**Problem details**
Leaving the pictures aside, return all of the data below exactly.

**Supplied material**

[Start of Attachment]

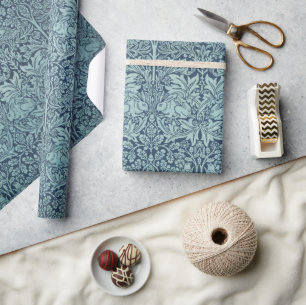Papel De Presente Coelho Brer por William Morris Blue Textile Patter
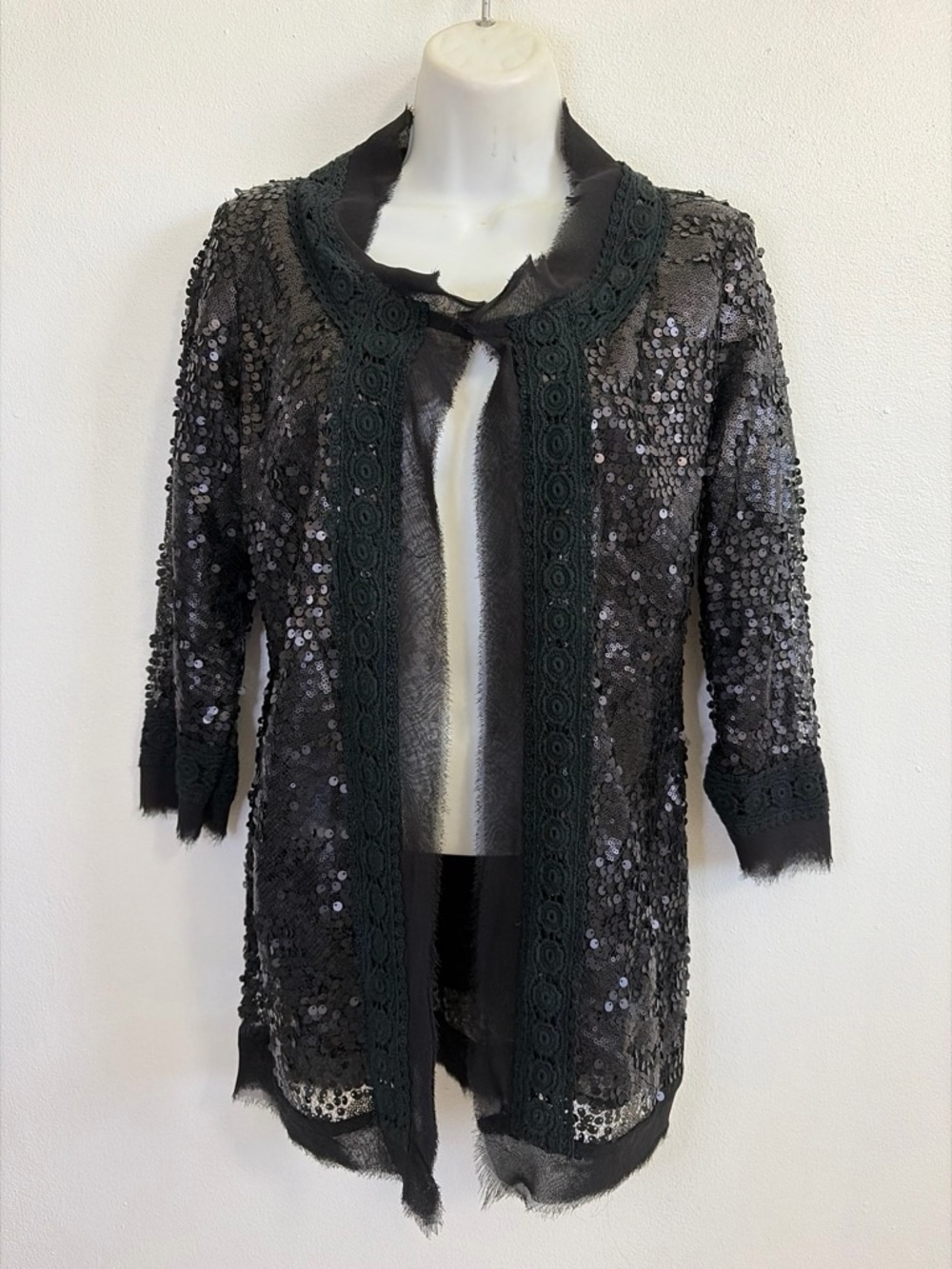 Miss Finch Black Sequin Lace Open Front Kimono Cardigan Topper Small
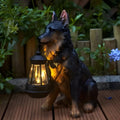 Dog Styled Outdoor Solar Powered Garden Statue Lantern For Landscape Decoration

[End of Attachment]

**Solution to this task**
Papel De Presente Coelho Brer por William Morris Blue Textile Patter
 Miss Finch Black Sequin Lace Open Front Kimono Cardigan Topper Small
 Dog Styled Outdoor Solar Powered Garden Statue Lantern For Landscape Decoration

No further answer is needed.